No necesitaba decir más. Todos reían, «¡ja, ja, ja!» con una carcajada espontánea, pero breve; una risa en tres golpes, pues el prolongarla podía interpretarse como una falta de respeto á la majestad.
Cerca de Europa, una oleada de noticias salió al encuentro del buque. Los empleados del telégrafo sin hilo trabajaban incesantemente. Una noche, al entrar Desnoyers en el fumadero, vió á los notables germánicos manoteando y con los rostros animados. No bebían cerveza: habían hecho destapar botellas de champañ alemán, y la Frau consejera, impresionada sin duda por los acontecimientos, se abstenía de bajar á su camarote. El capitán Erckmann, al ver al joven argentino, le ofreció una copa.
–Es la guerra—dijo con entusiasmo—, la guerra que llega… ¡Ya era hora!

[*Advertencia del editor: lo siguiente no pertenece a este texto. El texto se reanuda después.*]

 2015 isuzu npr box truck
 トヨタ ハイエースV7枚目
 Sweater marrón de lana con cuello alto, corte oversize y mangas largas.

Desnoyers hizo un gesto de asombro. ¡La guerra!… ¿Qué guerra es esa?… Había leído, como todos, en la tablilla de anuncios del antecomedor un radiograma dando cuenta de que el gobierno austriaco acababa de enviar un ultimátum á Servia, sin que esto le produjese la menor emoción. Menospreciaba las cuestiones de los Balkanes. Eran querellas de pueblos piojosos, que acaparaban la atención del mundo, distrayéndolo de empresas más serias. ¿Cómo podía interesar este suceso al belicoso consejero? Las dos naciones acabarían por entenderse. La diplomacia sirve algunas veces para algo.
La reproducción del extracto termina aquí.